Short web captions

──────────

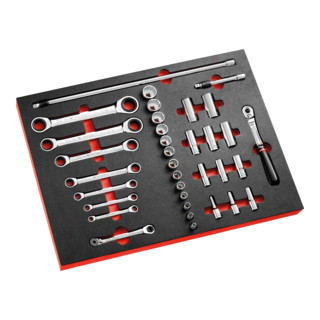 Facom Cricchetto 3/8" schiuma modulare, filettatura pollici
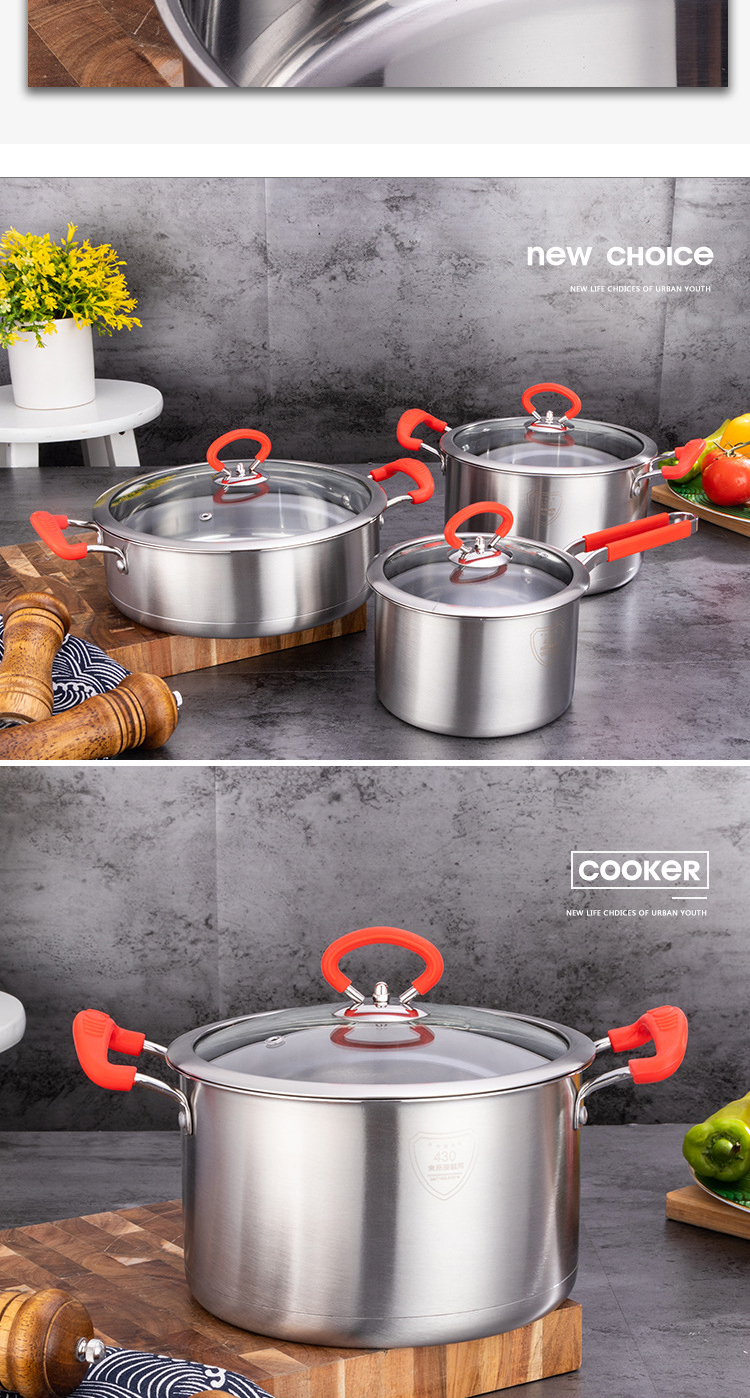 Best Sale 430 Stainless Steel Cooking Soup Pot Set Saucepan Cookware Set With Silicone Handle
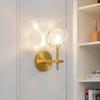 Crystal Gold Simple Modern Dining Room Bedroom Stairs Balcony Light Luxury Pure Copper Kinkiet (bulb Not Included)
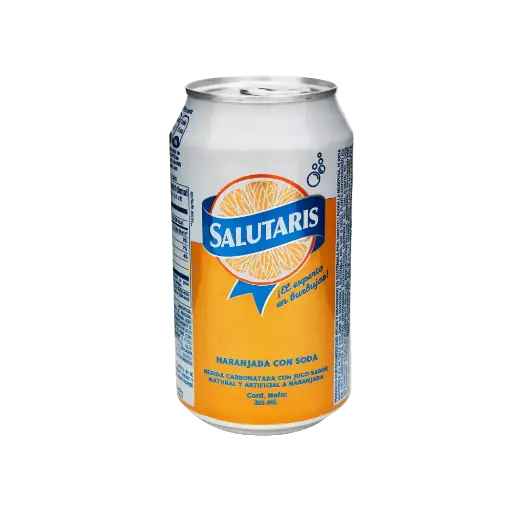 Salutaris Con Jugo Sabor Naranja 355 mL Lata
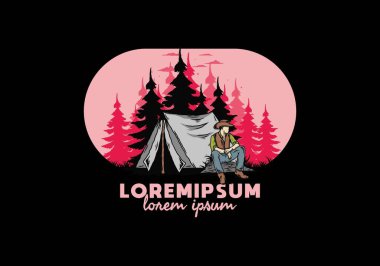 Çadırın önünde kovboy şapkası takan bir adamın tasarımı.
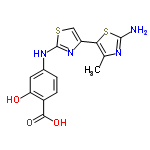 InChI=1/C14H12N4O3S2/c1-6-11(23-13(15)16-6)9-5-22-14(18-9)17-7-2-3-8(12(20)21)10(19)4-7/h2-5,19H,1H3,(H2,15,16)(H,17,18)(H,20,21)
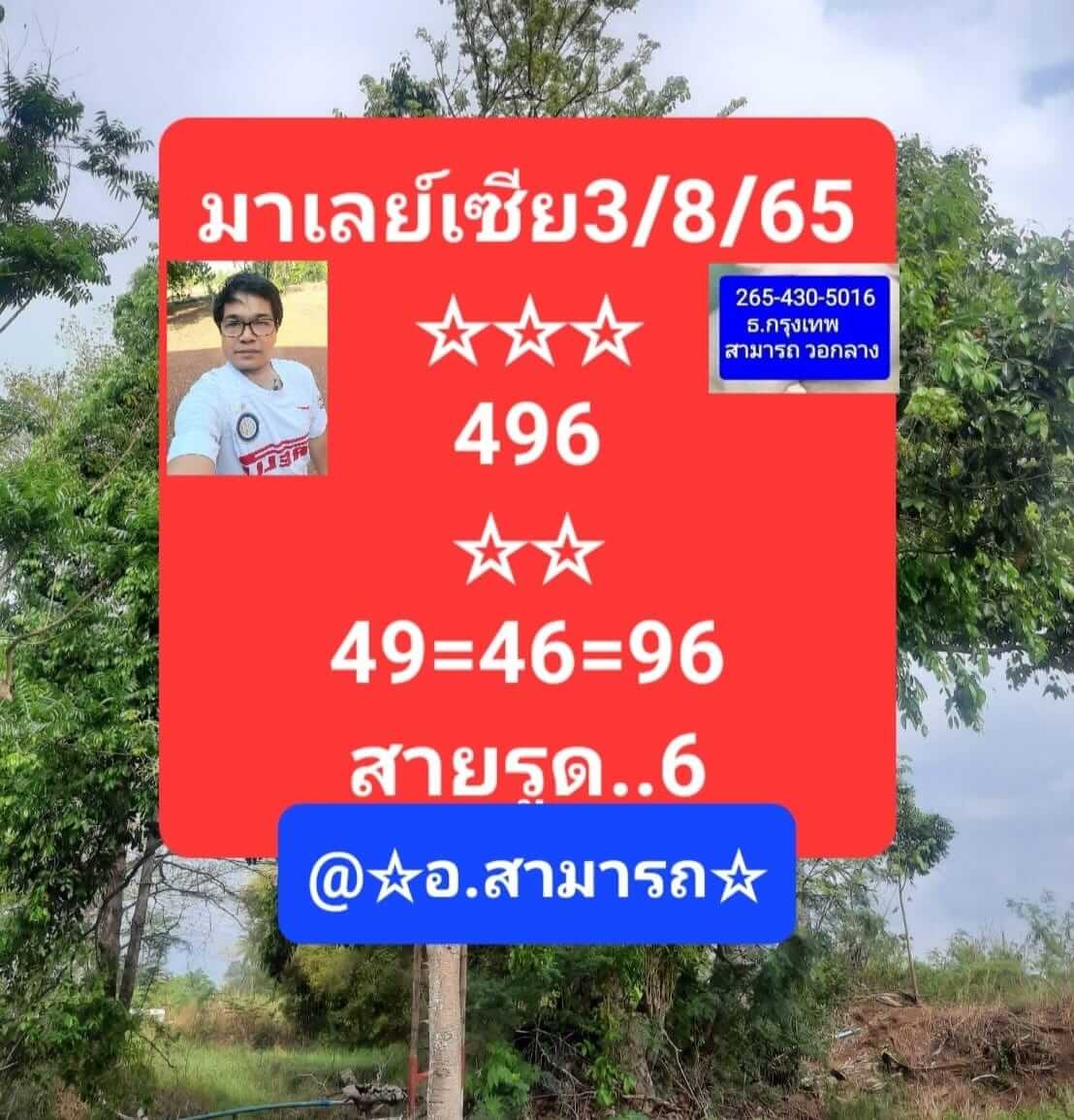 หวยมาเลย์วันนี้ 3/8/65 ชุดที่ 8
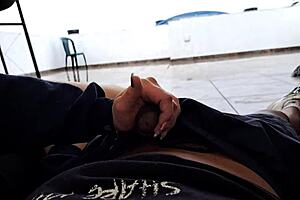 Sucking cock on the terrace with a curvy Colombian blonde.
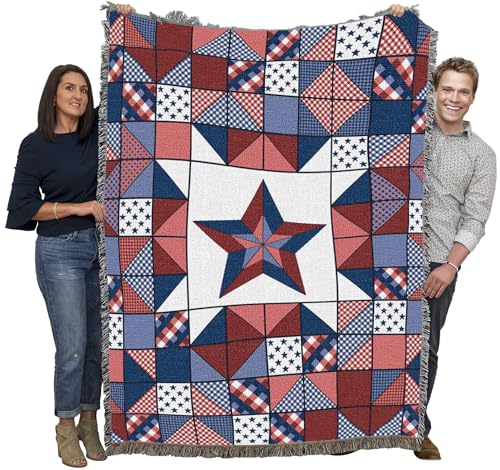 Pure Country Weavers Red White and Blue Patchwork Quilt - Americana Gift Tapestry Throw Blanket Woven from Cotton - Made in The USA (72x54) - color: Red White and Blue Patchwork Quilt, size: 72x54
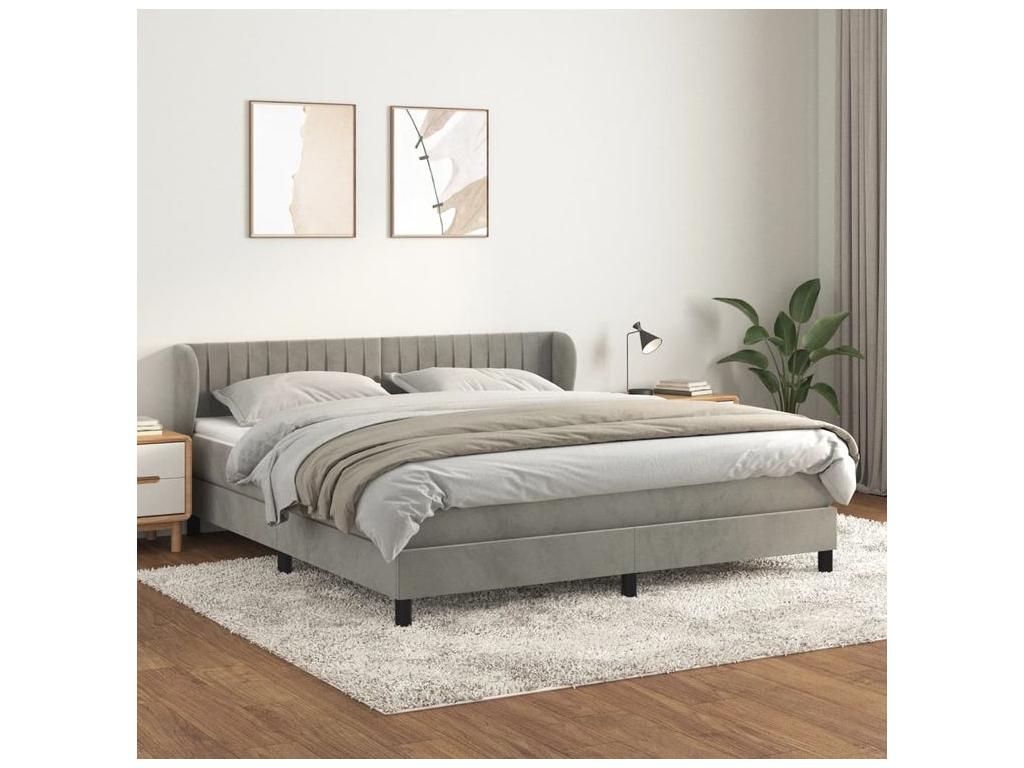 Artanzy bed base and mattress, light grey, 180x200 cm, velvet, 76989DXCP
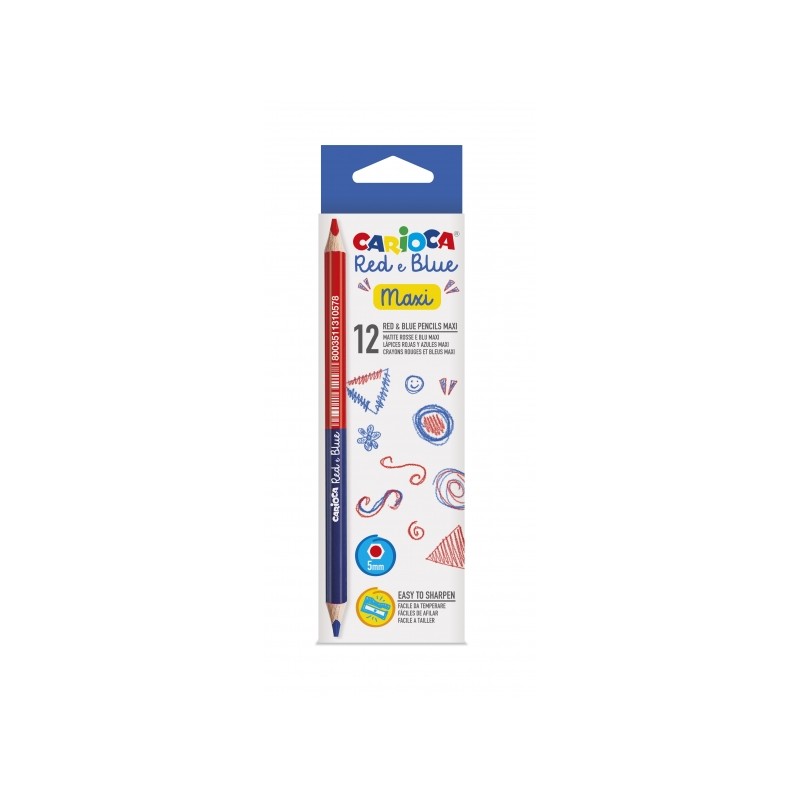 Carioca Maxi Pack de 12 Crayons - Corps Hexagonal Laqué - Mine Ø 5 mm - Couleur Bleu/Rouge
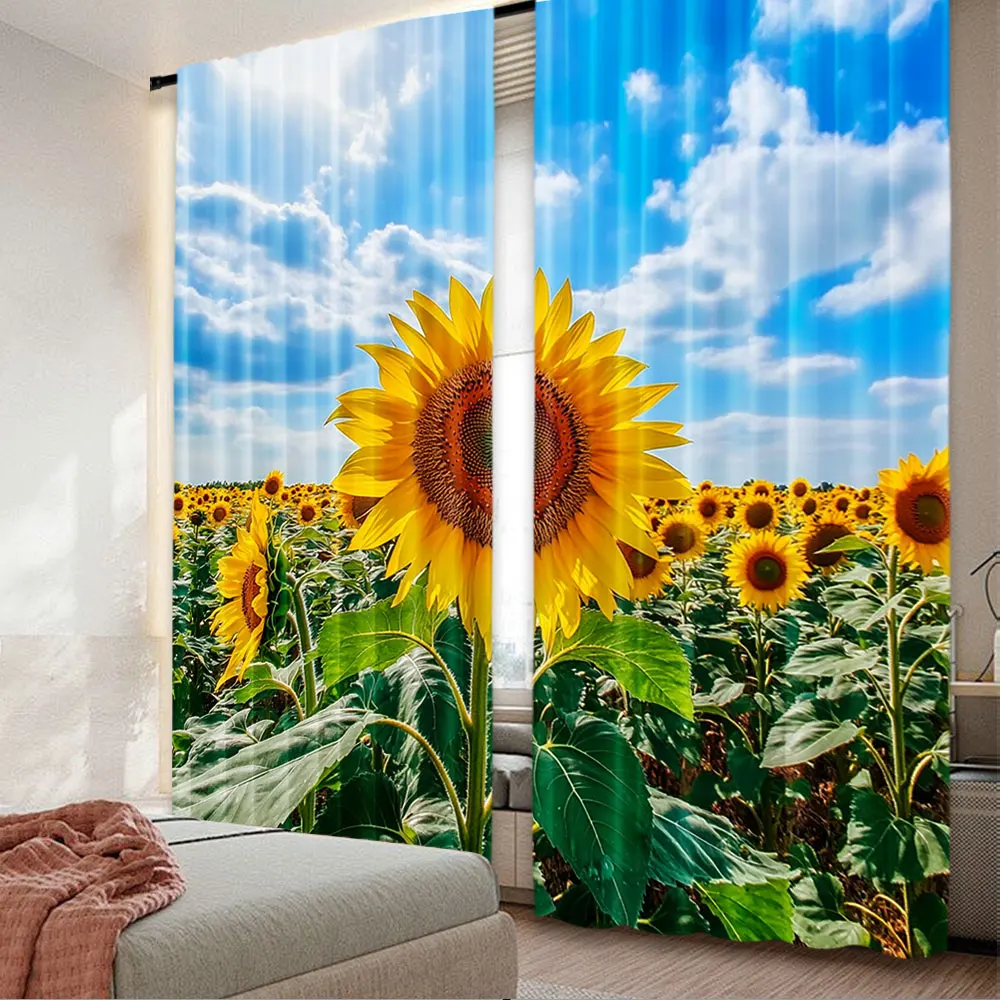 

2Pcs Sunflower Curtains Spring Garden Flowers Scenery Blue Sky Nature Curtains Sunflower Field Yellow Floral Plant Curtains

──────────

The lines to be transcribed are those from the first line of the data above through the line holding "Salutaris Con Jugo Sabor Naranja 355 mL Lata", inclusive; copy them exactly and only, leaving out the pictures.

 Facom Cricchetto 3/8" schiuma modulare, filettatura pollici
 Best Sale 430 Stainless Steel Cooking Soup Pot Set Saucepan Cookware Set With Silicone Handle
 Crystal Gold Simple Modern Dining Room Bedroom Stairs Balcony Light Luxury Pure Copper Kinkiet (bulb Not Included)
 Salutaris Con Jugo Sabor Naranja 355 mL Lata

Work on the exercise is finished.